DispersionMeasure

class baseband_tasks.dm.DispersionMeasure(value, unit=None, dtype=None, copy=True, order=None, subok=False, ndmin=0)[source] [edit on github]

Bases: astropy.units.quantity.SpecificTypeQuantity

Dispersion measure quantity.

Quantity for electron column density, normally with units of pc / cm**3, with additional methods to help correct for dispersion delays: time_delay, phase_delay, and phase_factor.

Parameters
dmQuantity or float

Dispersion measure value. If a Quantity is passed, it must have units equivalent to pc/cm**3. If a float is passed, units may be passed to unit, or will otherwise be assumed to be pc/cm**3.

unitUnitBase or None

Units of dm. If None (default), will be set either to the units of dm if dm is an Quantity, or pc/cm**3 otherwise. If dm is a Quantity and unit is also passed, will try to convert dm to unit.

*args, **kwargs

As for Quantity.

Notes

The constant relating dispersion measure to delay is hardcoded to match that of Tempo. See Taylor, Manchester, & Lyne (1993). It is accessible as the dispersion_delay_constant attribute.

Attributes Summary

dispersion_delay_constant

Dispersion delay constant, hardcoded to match that for Tempo.

Methods Summary

phase_delay(freq[, ref_freq])

Phase delay due to dispersion.

phase_factor(freq[, ref_freq])

Complex exponential factor due to dispersion.

time_delay(freq[, ref_freq])

Time delay due to dispersion.

Attributes Documentation

dispersion_delay_constant = <Quantity 4149.37759336 cm3 MHz2 s / pc>

Dispersion delay constant, hardcoded to match that for Tempo.

Methods Documentation

phase_delay(freq, ref_freq=None)[source] [edit on github]

Phase delay due to dispersion.

Parameters
freqQuantity

Frequency at which to evaluate the dispersion delay.

ref_freqQuantity, optional

Reference frequency relative to which the dispersion delay is evaluated. If not given, infinite frequency is assumed.

Notes

Given the dispersion measure \(\mathrm{DM}\), frequency \(f\) and reference frequency \(f_\mathrm{ref}\), calculates the phase amplitude of the transfer function (Eqn. 5.21, Lorimer & Kramer’s Handbook of Pulsar Astronomy, rewritten to use absolute frequency):

\[\Delta \phi = \frac{e^2\mathrm{DM}}{m_ec} f \left(\frac{1} {f_\mathrm{ref}} - \frac{1}{f}\right)^2\]
phase_factor(freq, ref_freq=None)[source] [edit on github]

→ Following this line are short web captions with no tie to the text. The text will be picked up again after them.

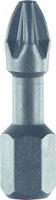 125-0380 RS PRO Pozidriv Screwdriver Bit, PZ2 Tip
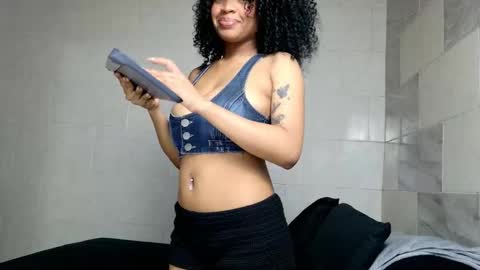 Kataleya online show from 03.25.26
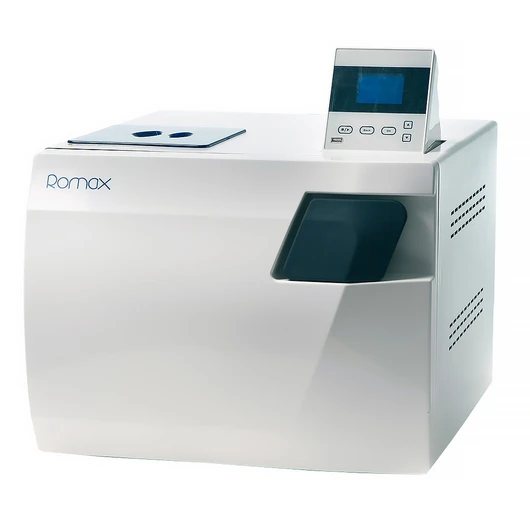 Romax YS-18L-E - автоклав класса B, 18 л<span> (Россия / Китай)</span> — МедиМакс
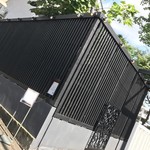 AMOUR - お店の外観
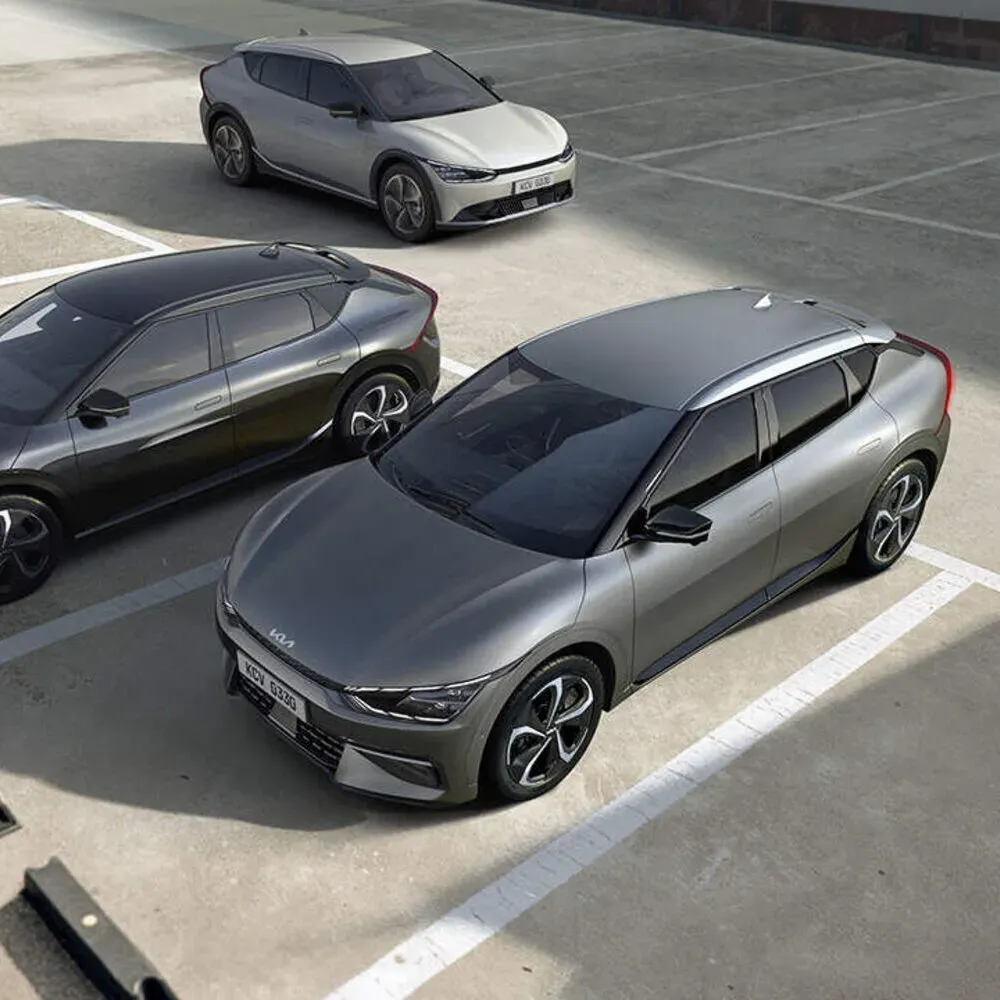 Задній асистент запобігання зіткненням (RCCA)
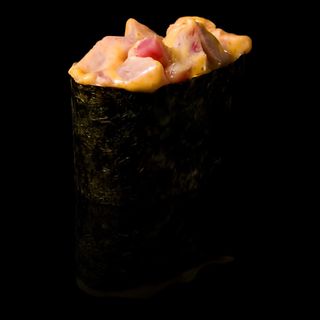 Гункан Магуро Спайсі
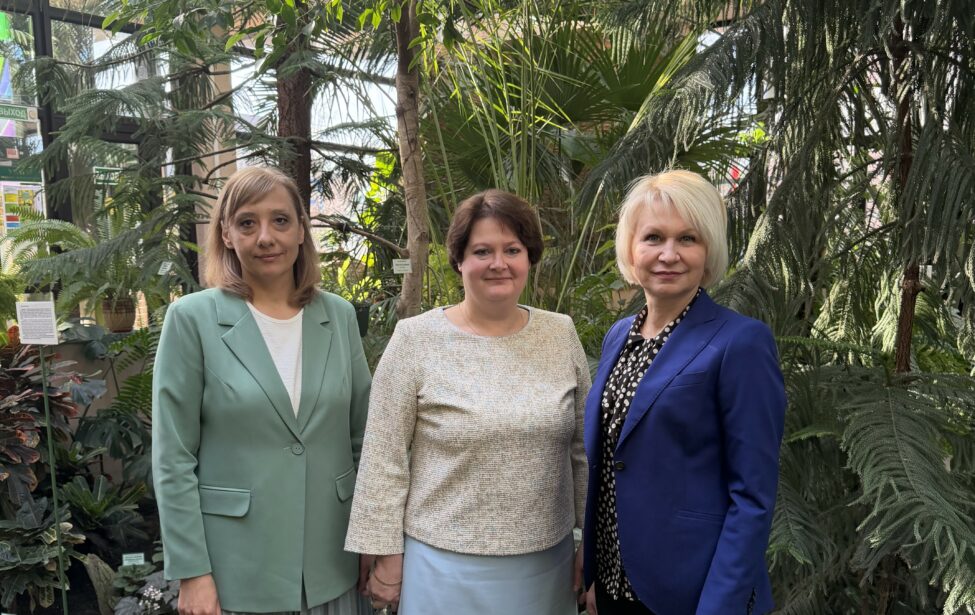 Пленарные доклады ученых ИИЯ на&nbsp;конференции в&nbsp;Брестском государственном университете им.&nbsp;А.С. Пушкина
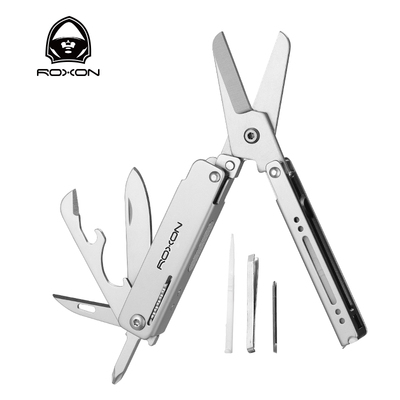 ROXON迷你多功能刀户外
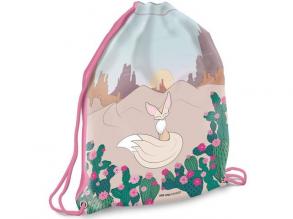 Wondeful Desert tornazsák sportzsák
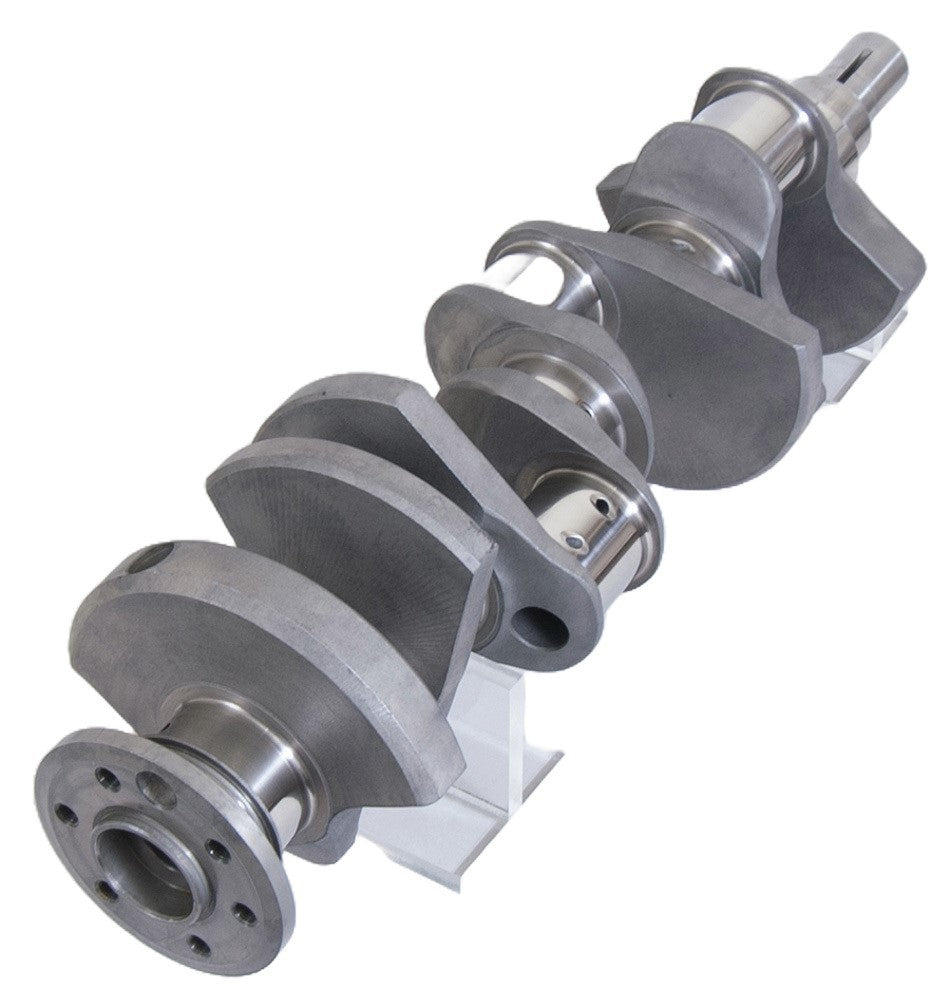 Eagle 444037506760 BBM 4340 Forged Crank - 3.750 Stroke Eagle 444037506760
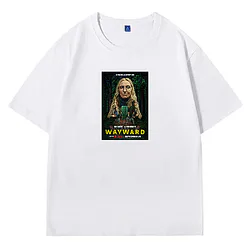 Wayward The Best Thriller Series Wayward T-Shirts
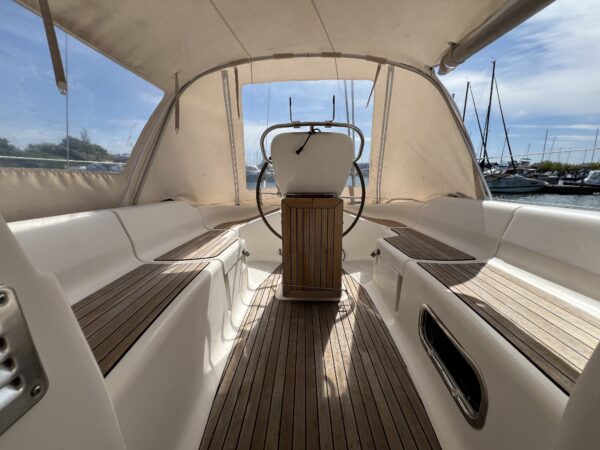 Bavaria 34-2 - Billede 16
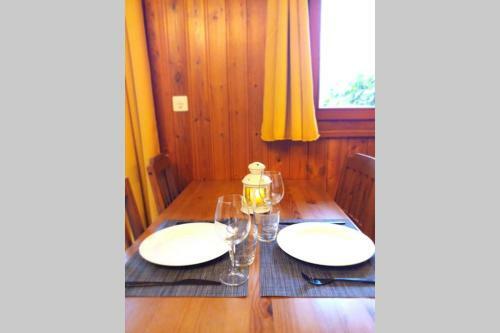 Apartamento Chez J�r�me B&B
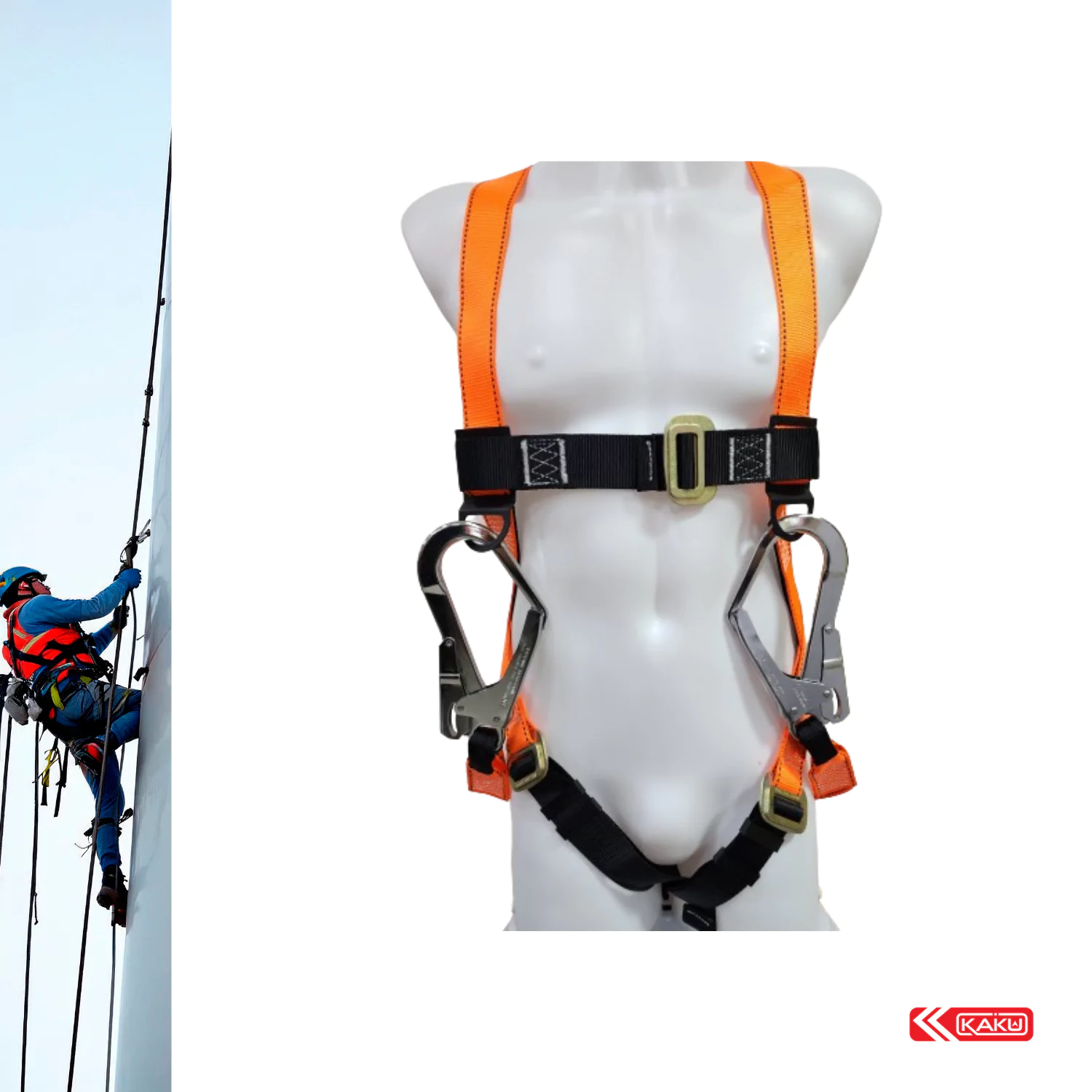 Harness - الصورة 2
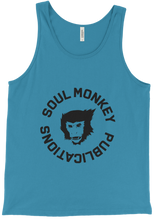 Soul Monkey Publications Tank Top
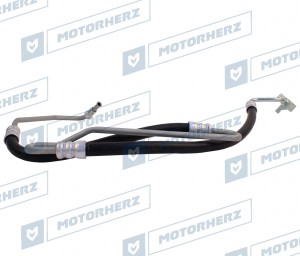 Напорный шланг от насоса к рейке HPH0069 HPH0069 MOTORHERZ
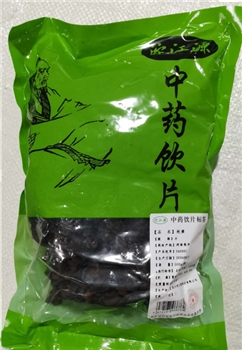 地黄片/500g/袋
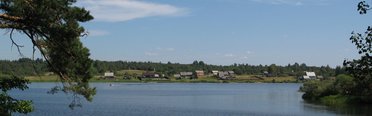 Верхневолжье. Фото 3450.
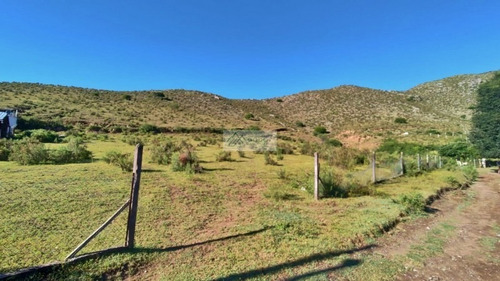 Terreno En Venta Casas Viejas El Mollar 571 M2 Luz Agua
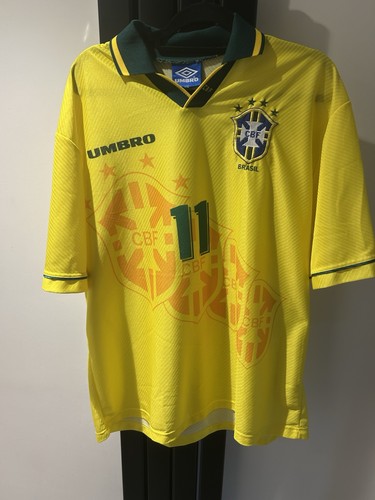 Brazil world cup 1994 home - brazil,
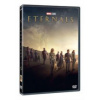 Eternals DVD Eternals DVD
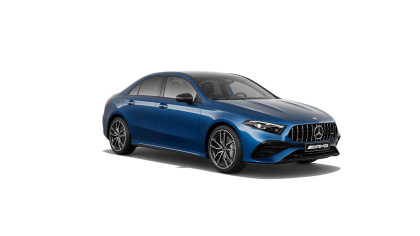 A-Class Sedan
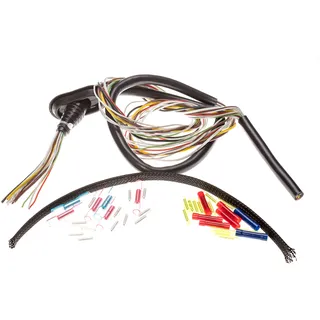 Sencom 2016062N Reparatursatz Kabelbaum Heckklappe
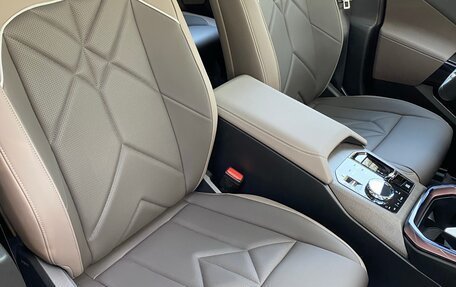 BMW X3, 2025 год, 7 000 000 рублей, 14 фотография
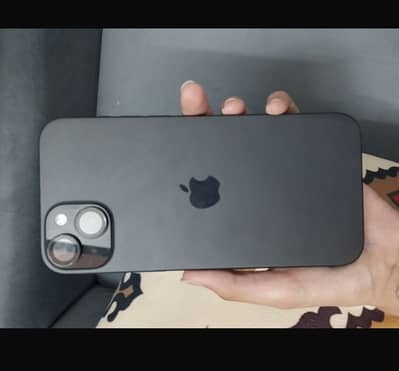Apple iPhone 15 plus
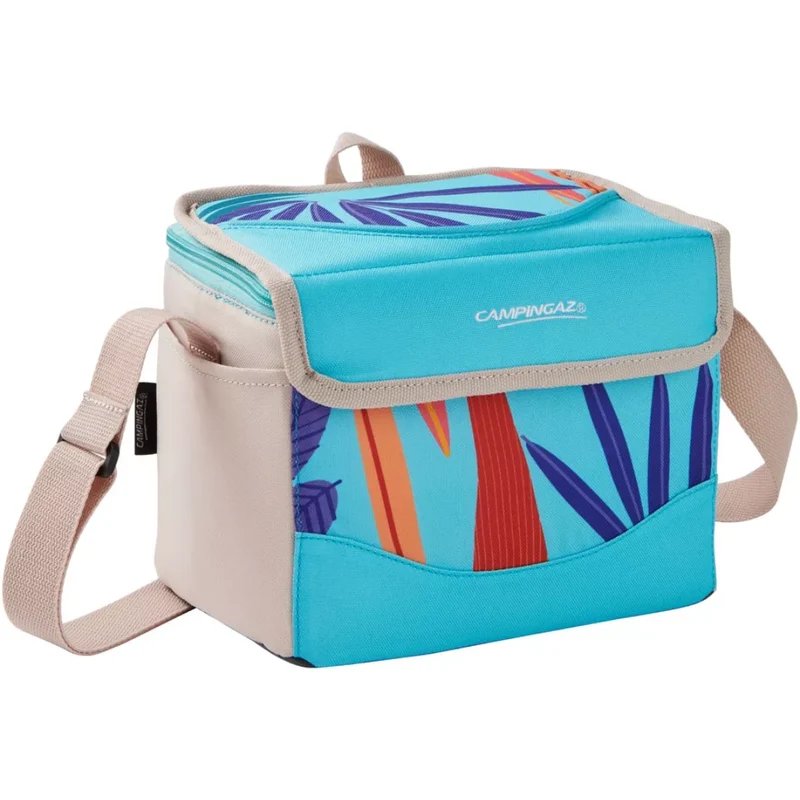 GLACIERE SOUPLE MINIMAXI ETHNIC 4L - CAMPINGAZ 2227101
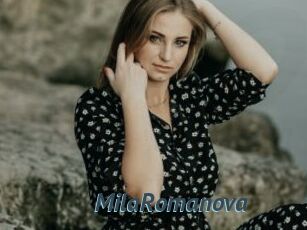 MilaRomanova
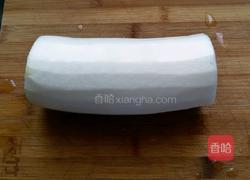 花样白萝卜蜂蜜盅的做法图解1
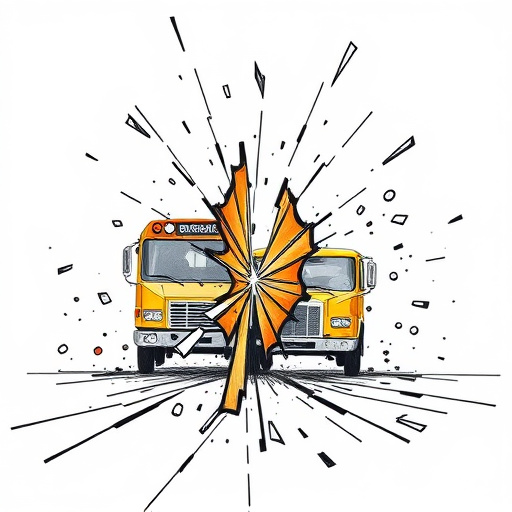 collision estimate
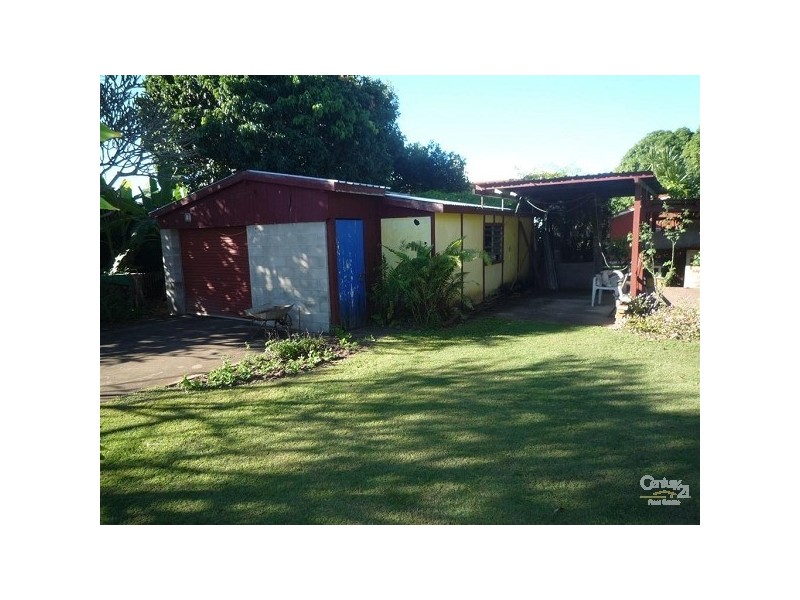 22 Powers Street, Bundaberg West QLD 4670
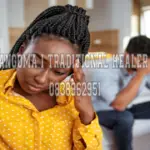 Lost Love Spells Caster In Sandton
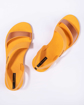 Obrázek z Ipanema Vibe Sandal 82429-25971 Dámské sandály žluté 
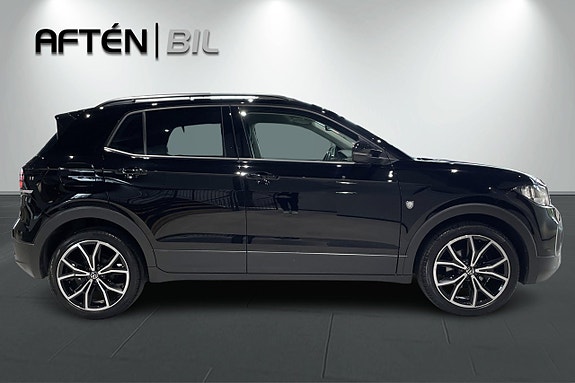 Volkswagen T-Cross 7 of 26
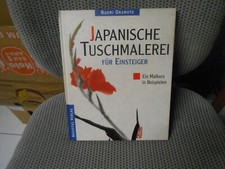 Japanische Tuschmalerei Für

Complex exponential factor due to dispersion.

This is just exp(1j * phase_delay).

Parameters
freqQuantity

Frequency at which to evaluate the dispersion delay.

ref_freqQuantity, optional

Reference frequency relative to which the dispersion delay is evaluated. If not given, infinite frequency is assumed.

time_delay(freq, ref_freq=None)[source] [edit on github]

Time delay due to dispersion.

Parameters
freqQuantity

Frequency at which to evaluate the dispersion delay.

ref_freqQuantity, optional

Reference frequency relative to which the dispersion delay is evaluated. If not given, infinite frequency is assumed.

Notes

Given the dispersion measure \(\mathrm{DM}\), frequency \(f\) and reference frequency \(f_\mathrm{ref}\), calculates the time delay (Eqn. 4.7, Lorimer & Kramer’s Handbook of Pulsar Astronomy):

\[\Delta t = \frac{e^2}{2\pi m_ec} \mathrm{DM}\left(\frac{1} {f_\mathrm{ref}^2} - \frac{1}{f^2}\right)\]

where the dispersion delay constant is taken to be exactly (inverse of Eqn. 6 of Taylor, Manchester, & Lyne 1993):

\[\frac{e^2}{2\pi m_ec} = \frac{1}{2.410} \times 10^4\, \mathrm{MHz}^2\,\mathrm{pc}^{-1} \,\mathrm{cm}^3\,\mathrm{s}.\]